- Born: Мороженко Ніна Миколаївна 13 March 1928 Blagodarnensky District
- Died: 10 July 2009 (aged 81) Kyiv
- Education: Leningrad State University
- Scientific career
- Workplaces: Main Astronomical Observatory of Academy of Science of Ukraine
- Thesis: Spektropofotometricheskiye issledovaniya spokoynykh solnechnykh protuberantsev (1984)

= Nina Morozhenko =

Ukrainian astronomer

Nina Mykolaivna Morozhenko (née Semenova; 13 March 1928, Blagodarne, RSFSR – 10 July 2009, Kyiv) was a Ukrainian astronomer, Doctor of physical and mathematical sciences. Her research considered heliophysics.

== Early life and education ==
Morozhenko studied physics at Saint Petersburg State University. She was a doctoral researcher at Herzen University. Her doctoral research considered the structure and state of calm solar protuberances.

== Research and career ==
After earning her doctorate Morozhenko moved to Kyiv, where she worked at the Main Astronomical Observatory of the National Academy of Sciences of Ukraine. She was made academic secretary in 1962. Morozhenko specialised in heliophysics, with a particular focus on protuberances. Protuberances represent the reddish gaseous substances that are ejected into the corona by the chromosphere. Protuberances can be calm or disruptive, and are very disruptive during solar eclipses. Calm protuberances, which last longer than eruptive ones, can persist for several months.
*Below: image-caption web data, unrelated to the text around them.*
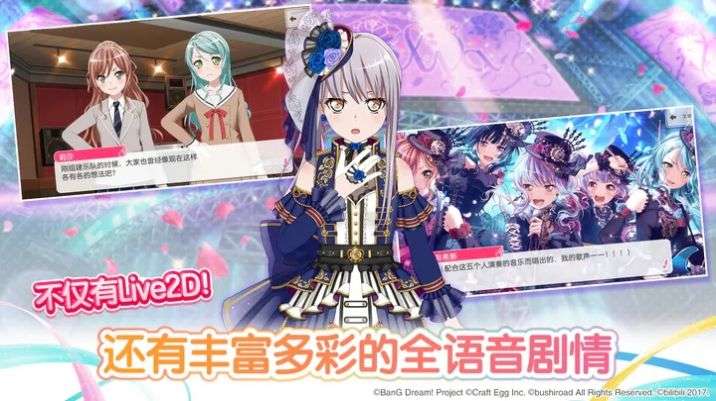 少女乐团派对BanG Dream日服下载中文最新版2023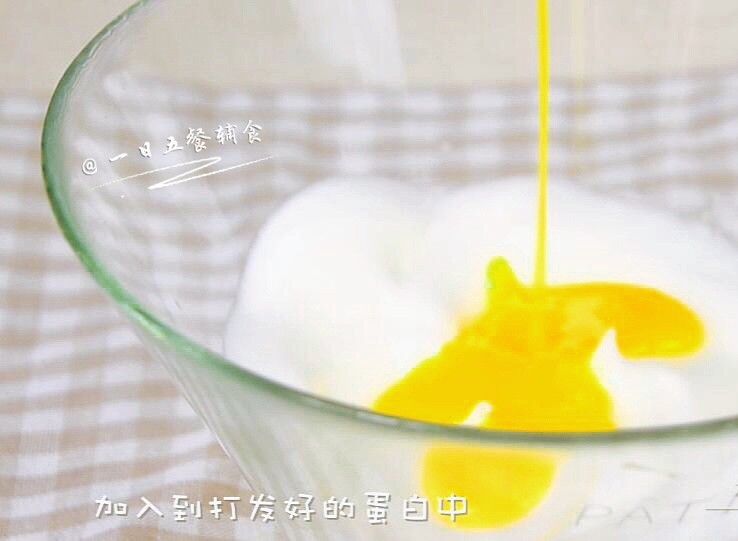 软香迷你小饼—平底锅步骤4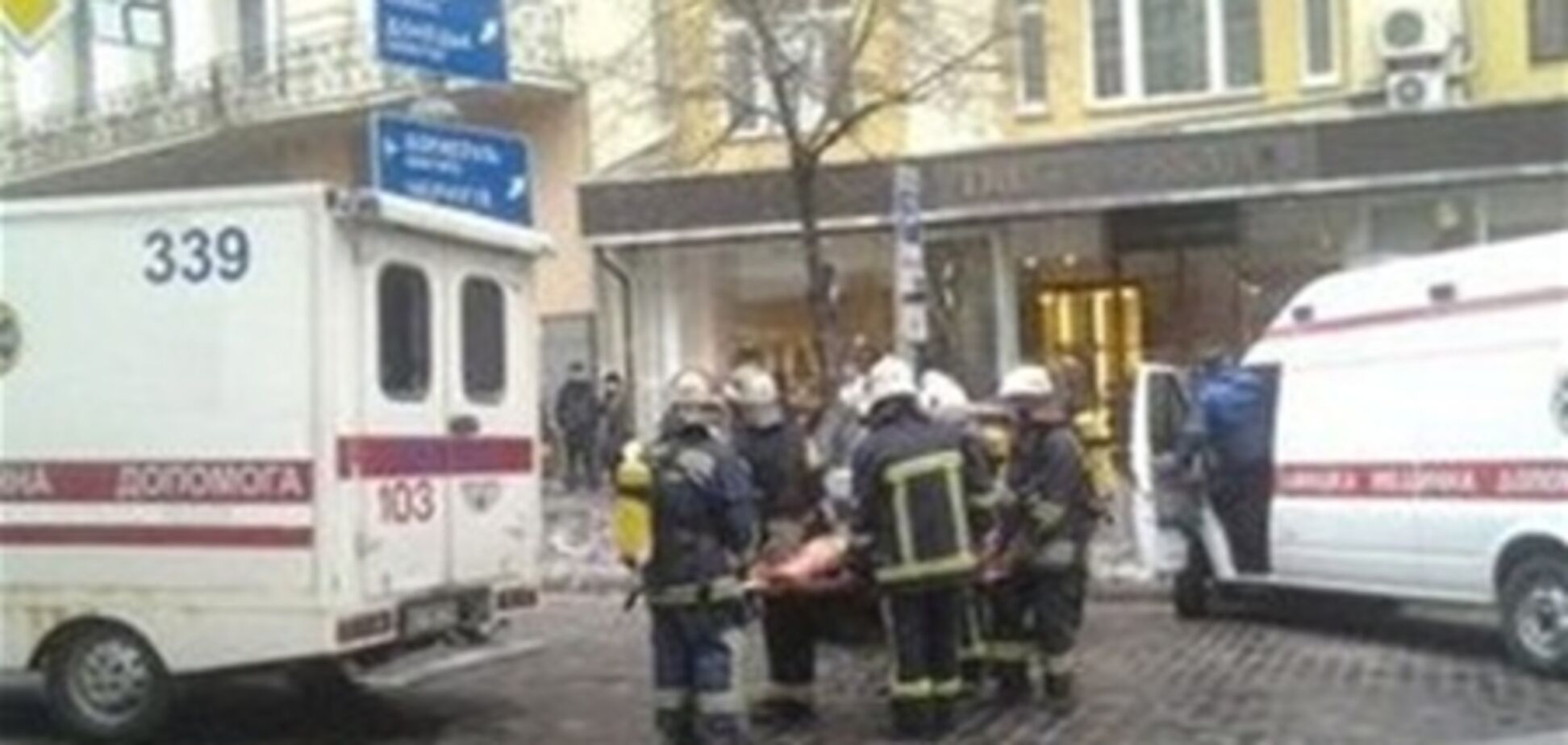 Обнародован список пострадавших от взрыва в ресторане 'Апрель'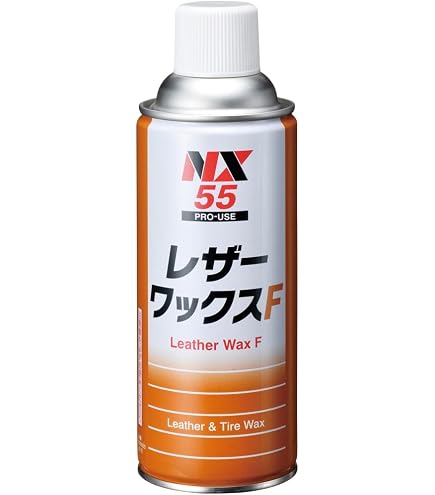 Amazon | イチネンケミカルズ(Ichinen Chemicals) 自動車用 タイヤ
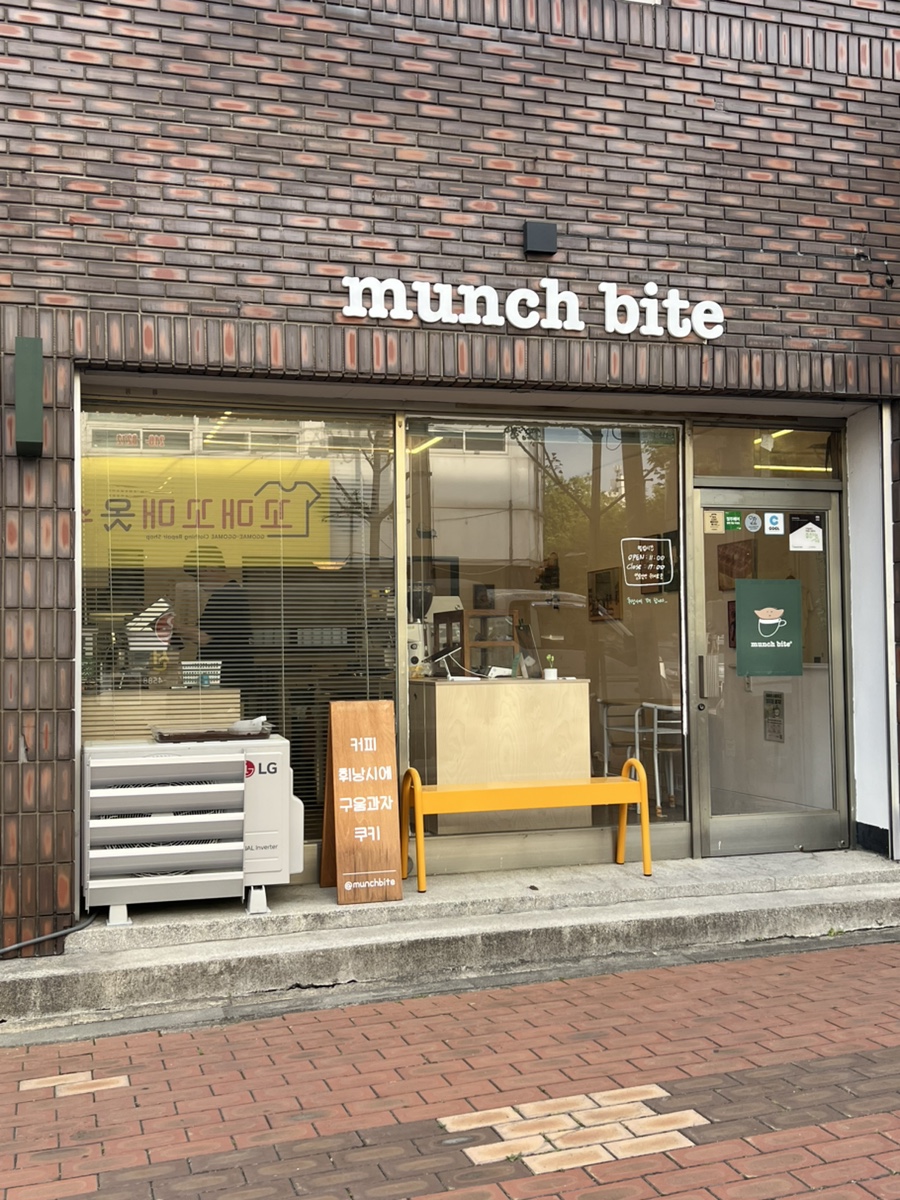 먼치바이트 사진 1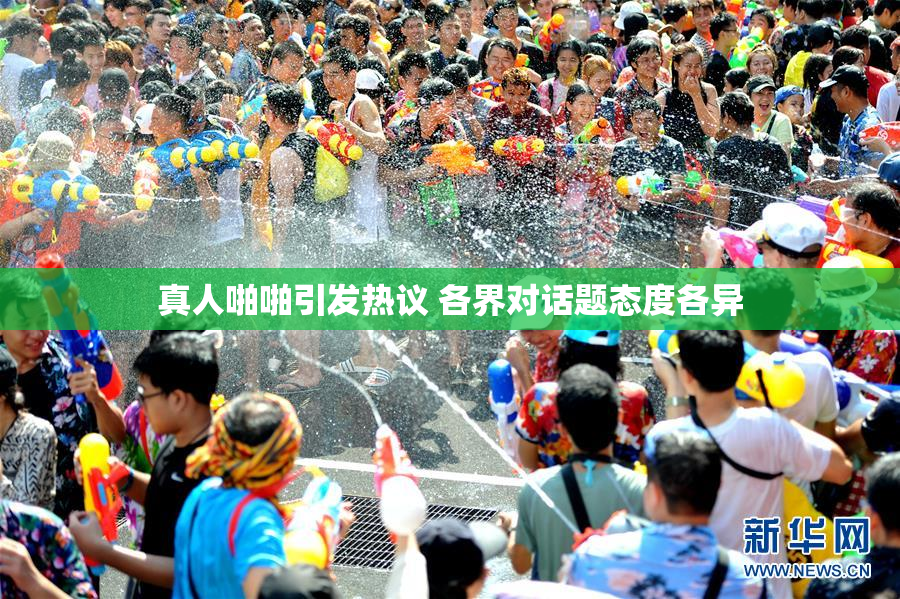 真人啪啪引发热议 各界对话题态度各异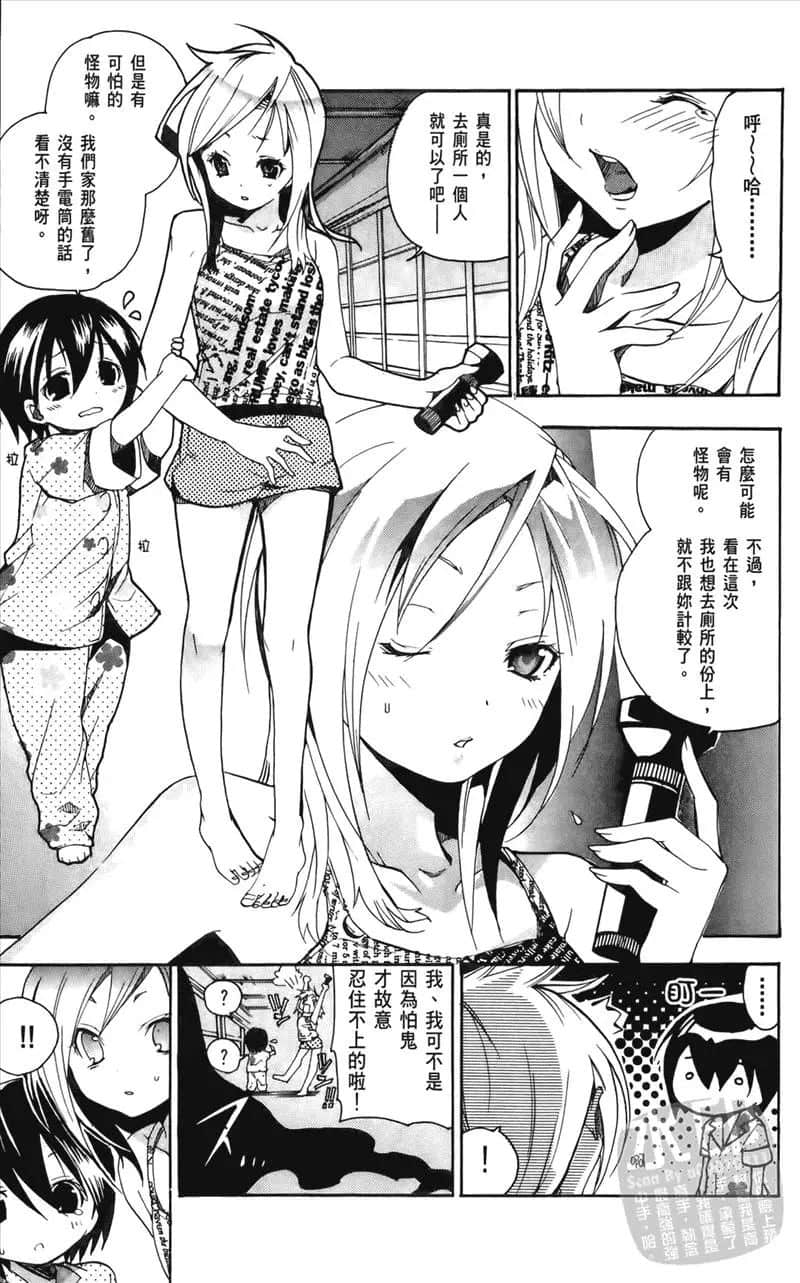 Page 109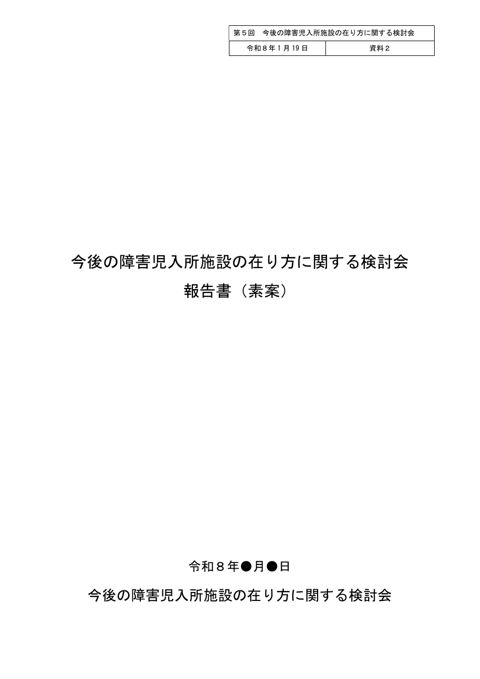【資料2】今後の障害児入所施設の在り方に関する検討会報告書(素案)について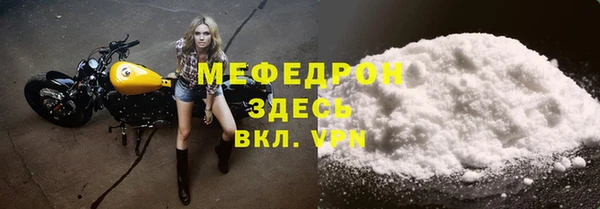 гашишное масло Белоозёрский
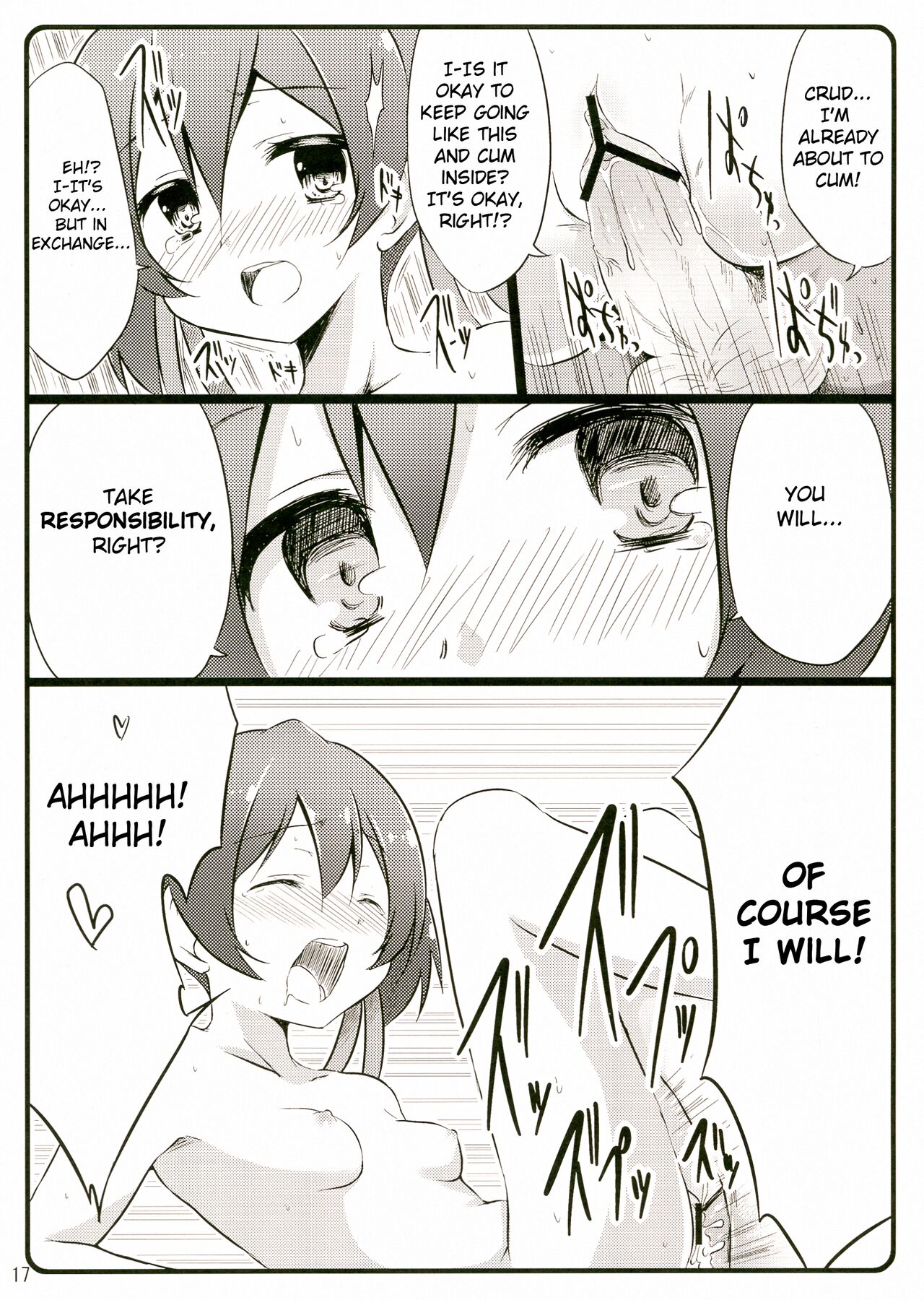 Silica chan kawaii β2 - Page 17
Morozhenko studied the heterogeneous structure of protuberances and attempted to understand their spectral features. She used transfer and variable source theories to construct a structurally inhomogeneous model of the solar protuberance. She explained the spectral shape of various protuberances by studying their density and fibrousness.

== Personal life ==
She was a member of the International Astronomical Union.

She died on 10 July 2009 in Kyiv.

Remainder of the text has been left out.